Treasury Secretary Timothy Geithner is being accused of listening too much to Wall Street and too little to the rest of the nation.
It’s unsurprising to say the least: A Freedom of Information Act request has discovered that Treasury Secretary Timothy Geithner is in daily two-way communication with a small group of Wall Street CEOs—at Citigroup, JPMorgan, Goldman Sachs—while lawmakers like Rep. Xavier Becerra are forced to leave messages for him.
The Associated Press:
Even during his most frenzied days, when Congress is demanding answers or the president himself is calling, Treasury Secretary Timothy Geithner makes time to talk to a select group of powerful Wall Street bankers.
They are a small cadre of businessmen who have known and worked with Geithner for years, whose multibillion-dollar companies all survived the economic crisis with help from U.S. taxpayers.
When they call, Geithner answers.

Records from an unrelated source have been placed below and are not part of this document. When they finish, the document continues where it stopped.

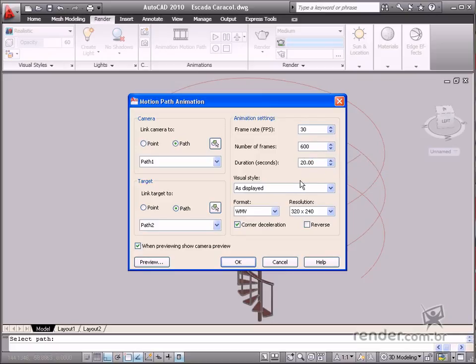Then you see the time is automatically defined as 20 seconds. As the total number of frames is 600 and there are 30 frames per second, the length of the video will be 20 seconds.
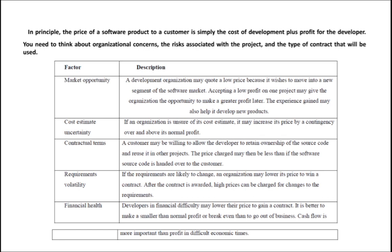The next factor that may affect software pricing is requirements volatility. If a company is sure that the requirements of a particular software are going to change, they can take the contract by bidding a very low price. The customer will give the project to that company because it is quoting a very low price. But if the company is sure the requirements are going to change, they will charge more when the customer asks for requirement changes.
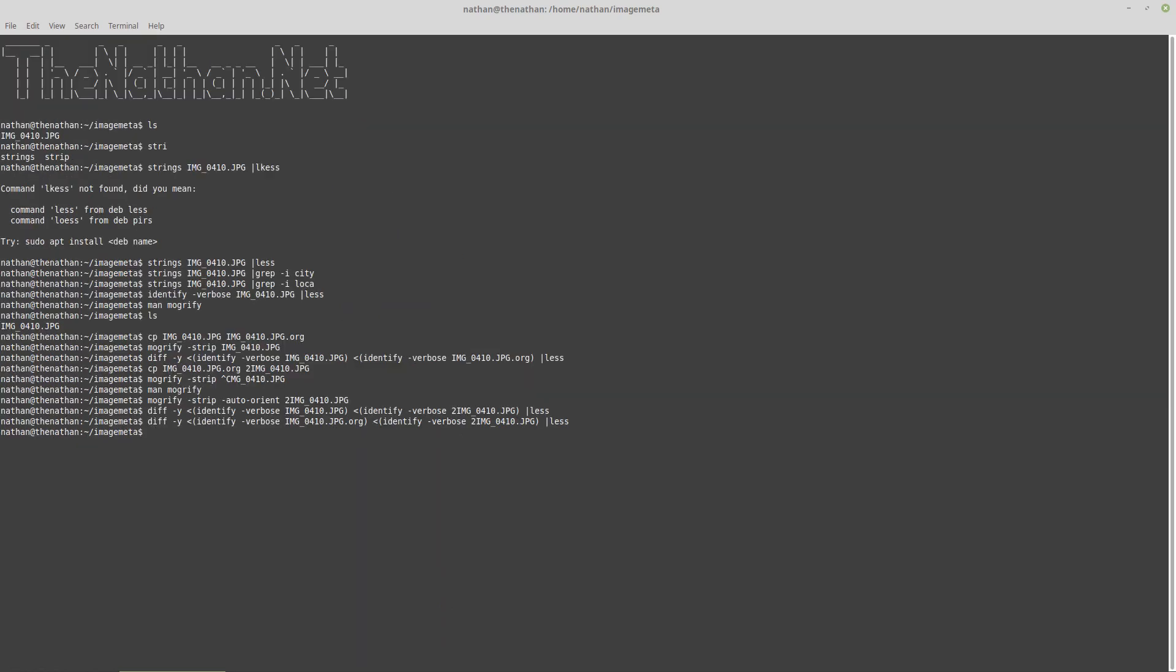There you go. It's easy to script, especially if you use the auto-orient. You can go through whole directories and change them in place. You can also do a wildcard if you just want to run it one off and strip everything.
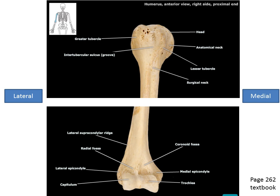In the center of the distal end we have two structures: on the medial side is the trochlea, and on the lateral aspect is the capitulum — together they resemble a bow tie structure. Above the trochlea on the medial side of the distal humerus is the coronoid fossa. On the lateral aspect above the capitulum is the radial fossa. You can remember the radial fossa is on the lateral side because the radius bone of the forearm is also on the lateral side.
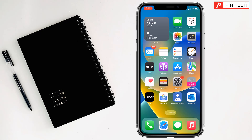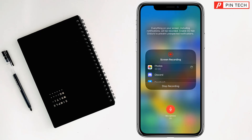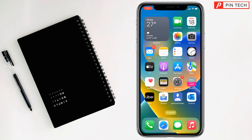First, open Control Center — just swipe down from the top right-hand side. Under the flashlight you will see an option. It is flashing right now. Just tap and hold it, and you will find the microphone option. If you see microphone is off, you have to turn it on by tapping on it.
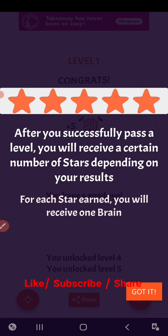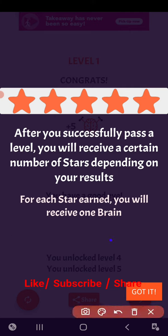After you successfully pass a level, you will receive a certain number of stars depending on your result. For each star you will receive one brain. Wow, so level one is completed! Like, subscribe, and share the channel. Thank you.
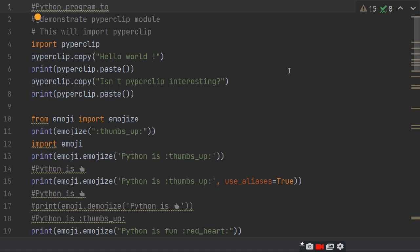Pyperclip.copy('Isn't pyperclip interesting?'). Print pyperclip.paste(). So when we paste, then Hello World paste, then 'Isn't pyperclip interesting?' paste. So think this module is useful when we paste more than once.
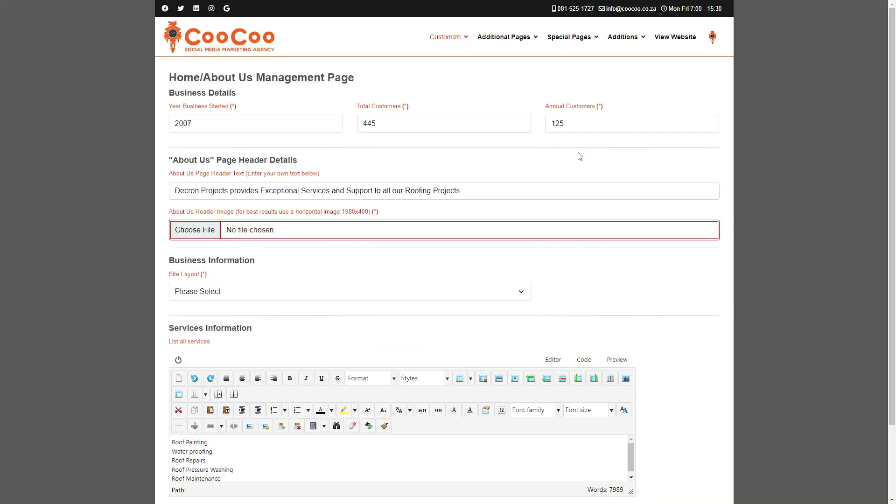We start with the About Us and Home Page Management form. You will see that this form is very similar to the sections on the initial design form which we used to populate your website initially.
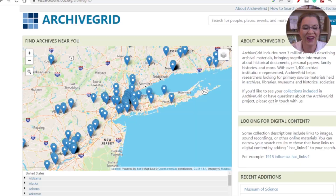The gateway into this underutilized collection is the free website Archive Grid. Archive Grid is a free online database of archival collections from over 1,000 libraries, museums, and archives worldwide. It provides access to primary source materials, including letters, diaries, photographs, and more that can help you trace your family history.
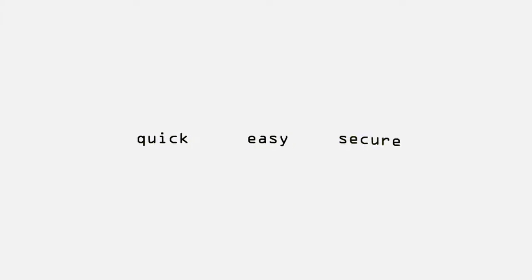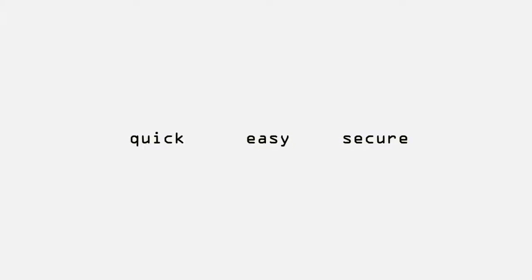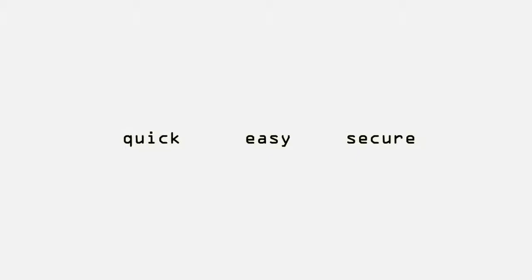Quick, easy, and secure. Three essentials we look for when we are doing online transactions. Sadly, this is not always the case.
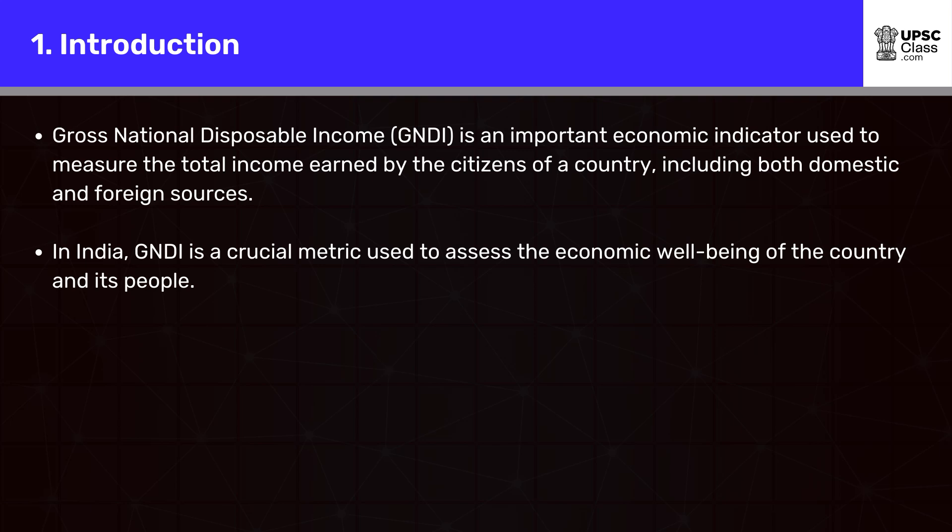Gross National Disposable Income, GNDI, is an important economic indicator used to measure the total income earned by the citizens of a country, including both domestic and foreign sources. In India, GNDI is a crucial metric used to assess the economic well-being of the country and its people.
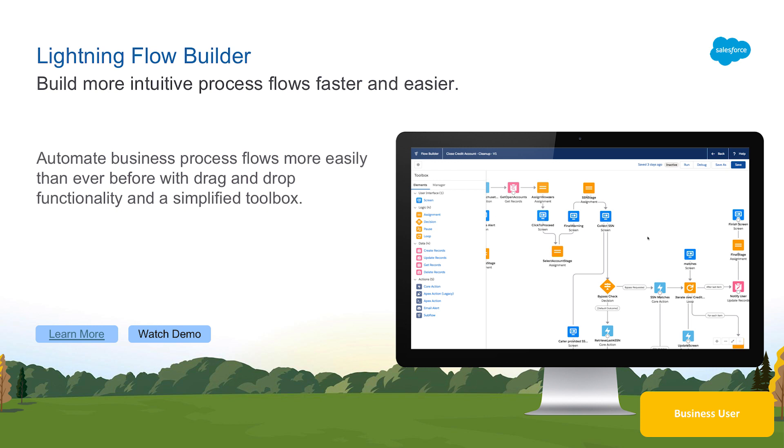Make your users more productive with powerful, highly customizable processes that you can create with point-and-click tools.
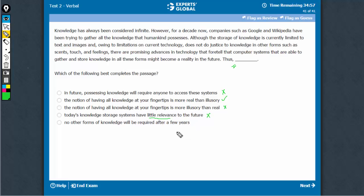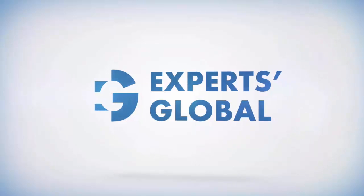This is quite absurd. No other forms of knowledge will be required. That's quite absurd. There is only one choice that makes some sense. That's option B. That's a clear winner here.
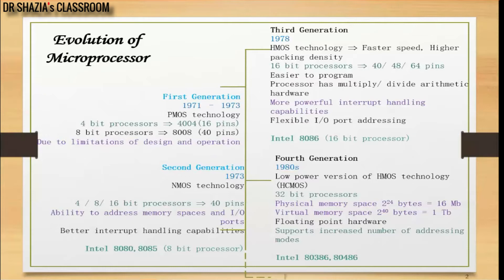At present we are with the fifth generation, which is the Pentium processor family. In this course we will majorly discuss the 16-bit processor 8086 and 80286, and some part of the 32-bit processors 80386 and 486.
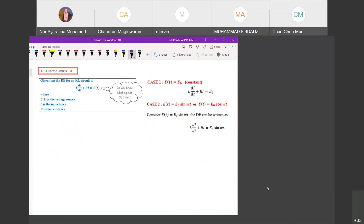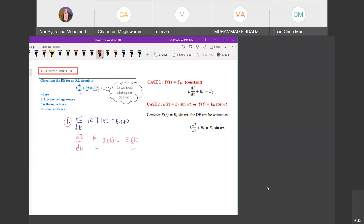You have a function with i and a function of t. This is a constant. In order to reduce to linear form, just make sure that the coefficient of di/dt equals 1. Now it is linear where this is your P(t) and this is your Q(t).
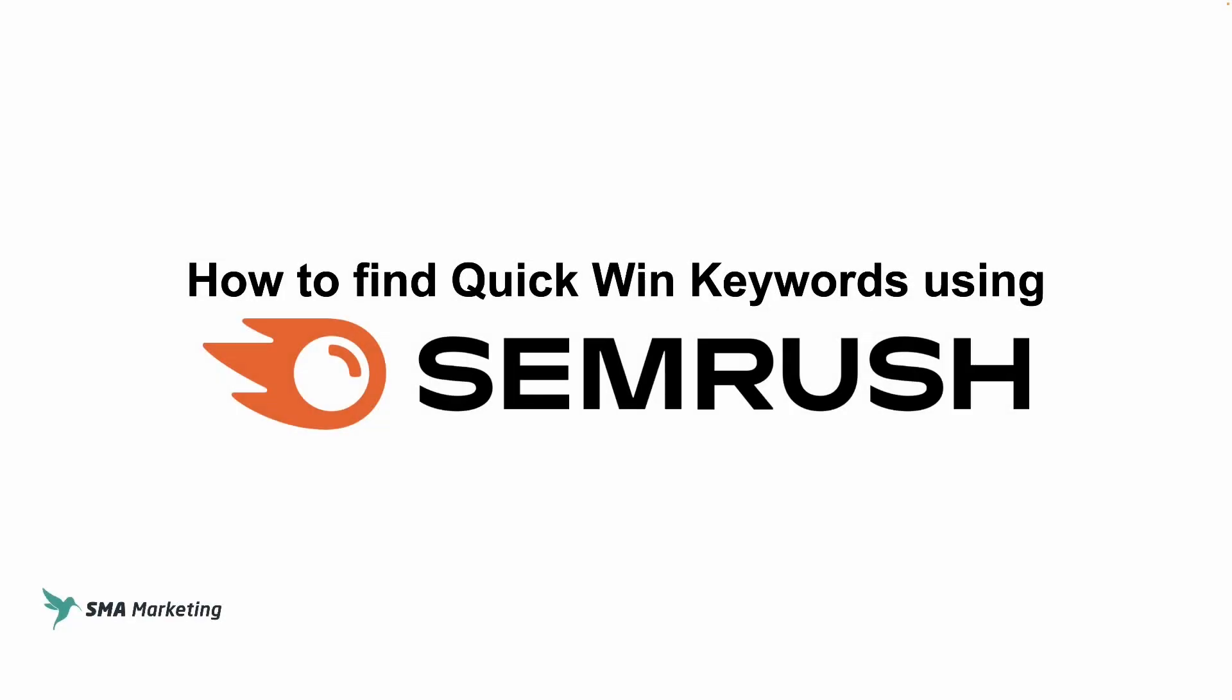Alright, so in this video we're going to be using one of our favorite SEO tools, SEMrush, and we're going to show you how you can use this tool in order to find quick wins for your SEO strategy.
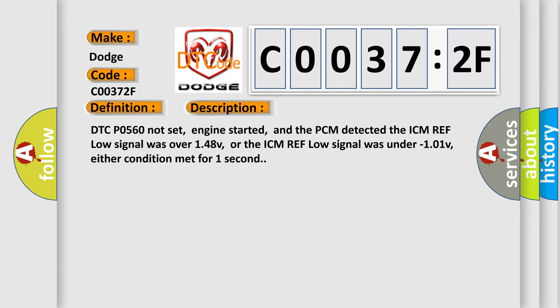DTC P0560 not set, engine started, and the PCM detected the ICM reflow signal was over 14.8V, or the ICM reflow signal was under 10.1V, either condition met for one second.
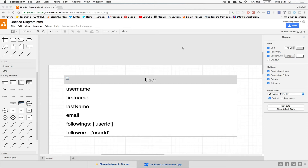Hello everyone, welcome to part 23 of the Twitter clone tutorial. In this video we're gonna start to set up the following system, a new feature for the application.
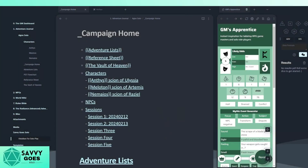Welcome — this video is all about using Obsidian for your solo gaming. If you don't know what Obsidian is, it's a markdown editor that is kind of like Notion, and it's pretty awesome for keeping track of your games. I use it personally for my solo games, but you can also use it if you're running sessions for others — it's great for keeping track of everything.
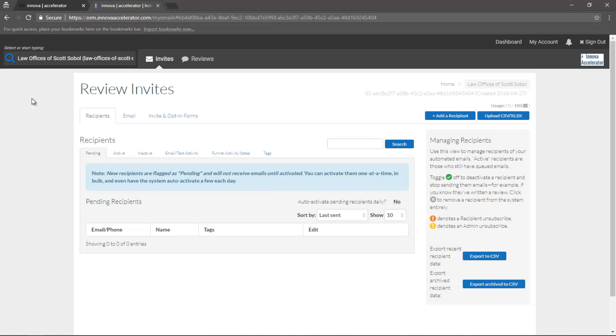That's our generic layout for our dashboard. In the next video, we'll be talking about invites, and in the following video, we'll be talking about reviews.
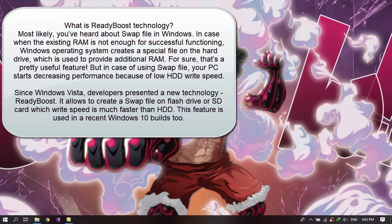Most likely you've heard about swap file in Windows. In case when the existing RAM is not enough for successful functioning, Windows operating system creates a special file on the hard drive which is used to provide additional RAM. For sure, that's a pretty useful feature. But in case of using swap file, your PC starts decreasing performance because of low HDD write speed.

He has spoken with them immediately after hanging up with President Barack Obama and before heading up to Capitol Hill, between phone calls with senators and after talking with the Federal Reserve chairman, according to a review by The Associated Press of seven months of his appointment calendars.
The calendars, obtained by the AP under the Freedom of Information Act, offer a behind-the-scenes glimpse at the continued influence of three companies - Citigroup Inc., JPMorgan Chase & Co. and Goldman Sachs Group Inc. - whose executives can reach the nation’s most powerful economic official on the phone, sometimes several times a day.